Je le fixe, mes yeux accrochés aux siens, et pendant une seconde, je ne sais pas quoi répondre. Ce n'est pas juste un combat entre nous. C'est comme si à chaque fois qu'on se parle, il y avait autre chose, un jeu de pouvoir, de contrôle. Et je hais ça.
Je m'approche de lui, lentement, chacun de mes pas résonnant sur le sol de la salle vide. Lui, il ne bouge pas, comme s'il savait que j'allais venir à lui. Plus je m'avance, plus je sens cette foutue tension entre nous, cette étincelle que je voudrais étouffer à coups de poing. Quand je suis assez proche pour sentir son souffle, je me penche un peu vers lui.
- T'en fais pas pour moi, Dufresne, je grogne, les dents serrées. Je vais être en pleine forme. Et quand je serai sur le ring avec toi, tu vas regretter de m'avoir sous-estimé.
Ses yeux brillent d'un éclat étrange, un mélange de provocation et... autre chose. De la curiosité ? De l'intérêt ? Non, je dois me tromper. C'est juste dans ma tête.
- Sous-estimé ? répète-t-il doucement, ses lèvres s'étirant dans un sourire plus large. Gauthier, si je te sous-estimais, je ne serais pas ici, maintenant, à te regarder te battre contre tes propres démons.
Je le repousse, mes deux mains s'écrasant contre son torse. Ce que je ressens à cet instant me dépasse, c'est trop fort. C'est de la colère, je me dis. Rien d'autre que de la rage. Mais quand mes mains touchent son corps, je sens la chaleur qui émane de lui, et ça me brûle de l'intérieur.
- Ferme-la, je grogne. Je ne me bats pas contre des démons. C'est toi que je vais détruire, Dufresne. Toi.
Son sourire ne disparaît pas. Il ne me repousse pas. Il reste planté là, à me regarder comme si je n'étais pas sérieux. Comme si tout ça, c'était juste un jeu pour lui.
- Si c'est ce que tu veux croire, Élias. Mais on sait tous les deux que ce n'est pas moi que tu essaies de battre. Pas vraiment.
Son utilisation de mon prénom me déstabilise. Personne ne m'appelle Élias. Pas ici. Je suis Gauthier pour tout le monde, et c'est très bien comme ça. Mais quand il prononce mon prénom, c'est comme s'il transgressait une limite invisible. Comme s'il s'autorisait à entrer dans un espace que je m'efforce de garder fermé à clé.
Je fais un pas en arrière, frustré de ne pas pouvoir exprimer ce qui bouillonne en moi. Je veux lui crier dessus, lui dire qu'il a tort, qu'il ne sait rien de moi, mais les mots ne sortent pas.
Léo, lui, semble parfaitement détendu, comme toujours.

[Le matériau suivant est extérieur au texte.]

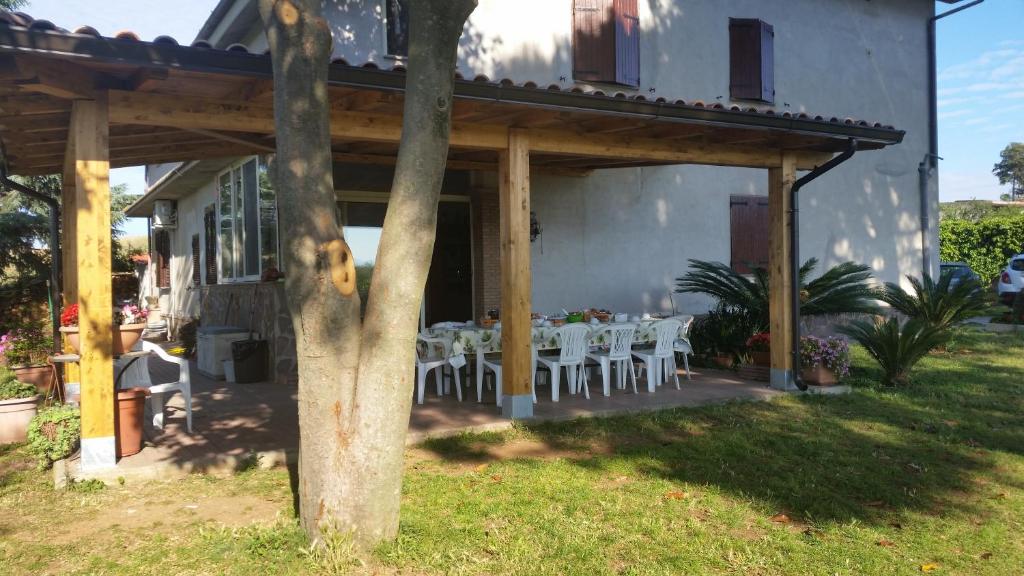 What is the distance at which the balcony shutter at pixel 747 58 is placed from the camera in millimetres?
12734

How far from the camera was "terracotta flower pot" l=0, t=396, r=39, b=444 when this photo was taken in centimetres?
688

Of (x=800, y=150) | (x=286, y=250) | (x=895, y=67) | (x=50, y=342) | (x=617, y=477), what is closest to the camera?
(x=286, y=250)

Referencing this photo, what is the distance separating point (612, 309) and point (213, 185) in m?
7.15

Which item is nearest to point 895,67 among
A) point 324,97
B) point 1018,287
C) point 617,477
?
point 1018,287

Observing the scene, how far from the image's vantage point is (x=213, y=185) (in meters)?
13.1

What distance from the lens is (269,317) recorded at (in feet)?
32.8

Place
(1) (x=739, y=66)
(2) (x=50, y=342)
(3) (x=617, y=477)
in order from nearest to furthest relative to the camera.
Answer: (3) (x=617, y=477)
(2) (x=50, y=342)
(1) (x=739, y=66)

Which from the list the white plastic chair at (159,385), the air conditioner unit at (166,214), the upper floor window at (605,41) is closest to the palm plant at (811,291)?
the upper floor window at (605,41)

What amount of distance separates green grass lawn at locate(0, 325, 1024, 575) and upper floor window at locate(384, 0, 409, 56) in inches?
232

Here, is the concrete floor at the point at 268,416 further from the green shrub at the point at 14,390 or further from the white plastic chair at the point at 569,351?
the green shrub at the point at 14,390

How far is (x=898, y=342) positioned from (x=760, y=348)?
164 cm

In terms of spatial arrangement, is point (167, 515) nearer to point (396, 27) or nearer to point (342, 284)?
point (342, 284)

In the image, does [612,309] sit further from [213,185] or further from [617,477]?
[213,185]

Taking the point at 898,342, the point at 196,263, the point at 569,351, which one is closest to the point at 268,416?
the point at 569,351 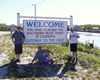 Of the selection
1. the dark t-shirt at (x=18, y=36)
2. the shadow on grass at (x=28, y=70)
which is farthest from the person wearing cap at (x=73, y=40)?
the dark t-shirt at (x=18, y=36)

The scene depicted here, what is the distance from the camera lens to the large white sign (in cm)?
740

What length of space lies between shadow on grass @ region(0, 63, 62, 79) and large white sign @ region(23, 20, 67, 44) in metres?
1.29

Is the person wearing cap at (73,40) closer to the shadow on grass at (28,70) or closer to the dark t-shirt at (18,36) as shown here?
the shadow on grass at (28,70)

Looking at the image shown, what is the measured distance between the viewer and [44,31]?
24.8ft

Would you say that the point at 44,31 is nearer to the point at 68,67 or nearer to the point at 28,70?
the point at 68,67

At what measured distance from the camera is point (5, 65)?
6539 mm

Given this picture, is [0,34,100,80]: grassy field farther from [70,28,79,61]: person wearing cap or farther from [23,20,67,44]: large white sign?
[23,20,67,44]: large white sign

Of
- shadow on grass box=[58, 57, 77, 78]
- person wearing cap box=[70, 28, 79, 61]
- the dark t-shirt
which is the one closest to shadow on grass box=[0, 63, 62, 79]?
shadow on grass box=[58, 57, 77, 78]

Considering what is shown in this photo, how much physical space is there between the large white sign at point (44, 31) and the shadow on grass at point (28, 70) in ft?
4.22

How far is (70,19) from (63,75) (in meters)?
3.15

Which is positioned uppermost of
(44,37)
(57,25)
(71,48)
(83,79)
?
(57,25)

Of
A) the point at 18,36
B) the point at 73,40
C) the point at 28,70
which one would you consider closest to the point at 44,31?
the point at 18,36

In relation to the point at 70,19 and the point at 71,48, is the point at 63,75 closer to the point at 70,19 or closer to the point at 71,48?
the point at 71,48

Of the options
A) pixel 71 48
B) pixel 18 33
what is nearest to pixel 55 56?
pixel 71 48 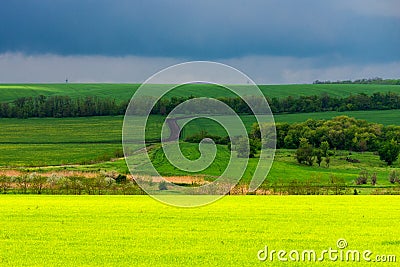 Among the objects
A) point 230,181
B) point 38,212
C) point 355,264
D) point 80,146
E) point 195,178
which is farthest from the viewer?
point 80,146

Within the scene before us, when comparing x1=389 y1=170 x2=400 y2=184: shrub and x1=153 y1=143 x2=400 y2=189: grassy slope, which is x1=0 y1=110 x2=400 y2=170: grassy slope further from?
x1=389 y1=170 x2=400 y2=184: shrub

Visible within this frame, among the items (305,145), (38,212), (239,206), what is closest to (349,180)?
(305,145)

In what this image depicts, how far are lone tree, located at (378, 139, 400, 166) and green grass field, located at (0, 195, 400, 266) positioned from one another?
6909 centimetres

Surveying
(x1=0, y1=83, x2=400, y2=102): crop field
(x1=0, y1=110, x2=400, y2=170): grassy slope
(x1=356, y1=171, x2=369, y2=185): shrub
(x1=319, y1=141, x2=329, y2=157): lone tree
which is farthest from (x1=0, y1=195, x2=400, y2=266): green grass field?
(x1=0, y1=83, x2=400, y2=102): crop field

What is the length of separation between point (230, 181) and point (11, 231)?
25.5m

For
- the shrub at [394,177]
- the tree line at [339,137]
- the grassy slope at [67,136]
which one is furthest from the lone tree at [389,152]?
the grassy slope at [67,136]

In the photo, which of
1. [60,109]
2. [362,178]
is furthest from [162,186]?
[60,109]

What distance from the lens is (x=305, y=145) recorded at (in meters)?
103

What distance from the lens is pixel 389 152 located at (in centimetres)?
10550

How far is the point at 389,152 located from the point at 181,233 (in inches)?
3346

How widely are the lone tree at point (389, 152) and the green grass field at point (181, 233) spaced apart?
69.1m

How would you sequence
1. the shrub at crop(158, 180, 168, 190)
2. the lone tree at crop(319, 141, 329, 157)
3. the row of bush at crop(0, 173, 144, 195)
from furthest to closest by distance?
the lone tree at crop(319, 141, 329, 157)
the row of bush at crop(0, 173, 144, 195)
the shrub at crop(158, 180, 168, 190)

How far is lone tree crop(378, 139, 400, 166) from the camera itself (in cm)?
10475

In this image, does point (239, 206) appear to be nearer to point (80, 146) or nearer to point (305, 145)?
point (305, 145) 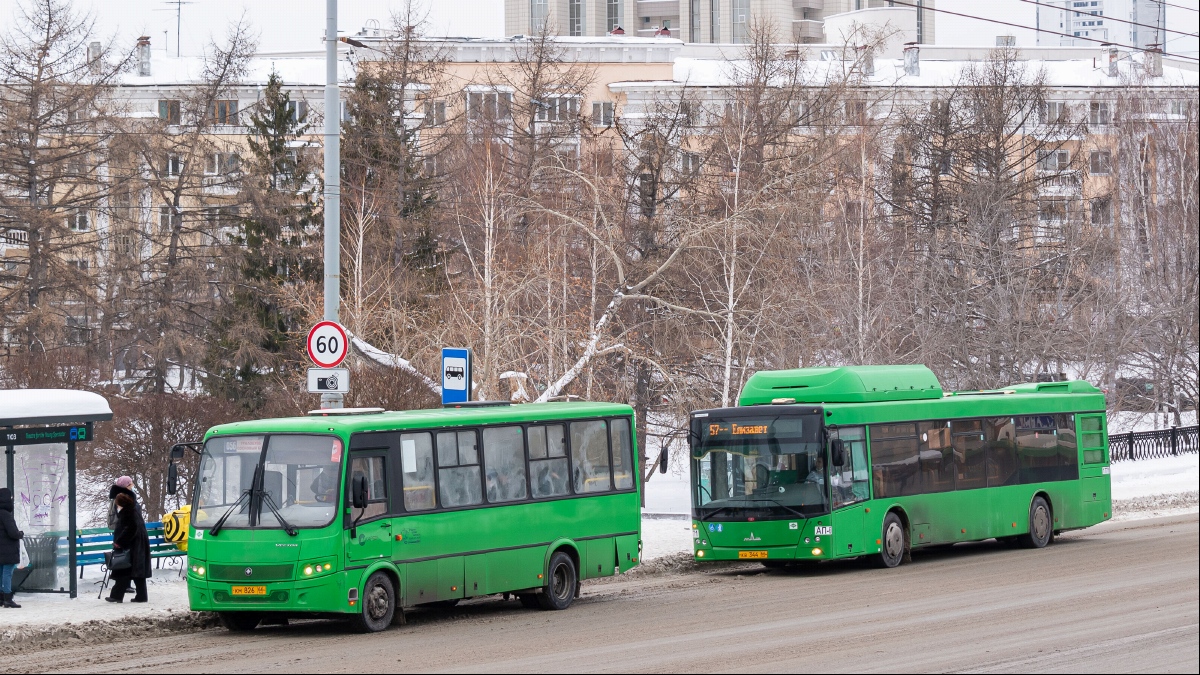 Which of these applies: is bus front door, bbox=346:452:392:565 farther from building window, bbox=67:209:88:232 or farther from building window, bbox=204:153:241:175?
building window, bbox=204:153:241:175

Il me regarde encore un instant, puis se détourne, prêt à partir. Mais avant de franchir la porte, il se tourne une dernière fois vers moi.
- On se voit bientôt, Gauthier. Sur le ring. Prépare-toi.
Et il disparaît, me laissant là, seul avec cette putain de rage qui ne veut pas s'éteindre.
Je frappe le sac à nouveau. Plus fort. Encore plus fort. Mais cette fois, ce n'est pas seulement la colère qui me fait frapper. C'est autre chose, quelque chose que je n'ose même pas nommer.
Et ça, c'est ce qui me fait le plus peur.